# Not my dog, but a very cool photo of a dog in the snow



## trikerdon (May 14, 2011)




----------



## twoisplenty (Nov 12, 2008)

Oh sweetheart  Someone needs to get you some winter tires or chains, lol.

How cool would it be to have ski attachments?? :becky:


----------



## MollyWoppy (Mar 19, 2010)

I LOVE people who go above and beyond for their pups!
Thanks for posting, does the heart good!


----------



## NewYorkDogue (Sep 27, 2011)

twoisplenty said:


> Oh sweetheart  Someone needs to get you some winter tires or chains, lol.


I was thinking maybe skis would work best in that situation...


----------



## twoisplenty (Nov 12, 2008)

NewYorkDogue said:


> I was thinking maybe skis would work best in that situation...

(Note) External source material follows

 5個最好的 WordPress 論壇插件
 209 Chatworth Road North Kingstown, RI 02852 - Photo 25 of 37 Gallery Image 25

Haha, as you were responding I was editing


----------



## BoxerParty (Nov 9, 2011)

NewYorkDogue said:


> I was thinking maybe skis would work best in that situation...



Maybe sled runners?


----------



## DaneMama (Jun 27, 2008)

I'm gonna need one of these for Emma soon :frown:


----------



## chowder (Sep 7, 2008)

DaneMama said:


> I'm gonna need one of these for Emma soon :frown:


Sorry to hear that. If you need any info, we've done all the research on the best ones. There are a ton of them being made and some are much better engineered then others. If you get the right engineering, it is a WHOLE lot easier for the dog to move and for you to get them harnessed into it.


----------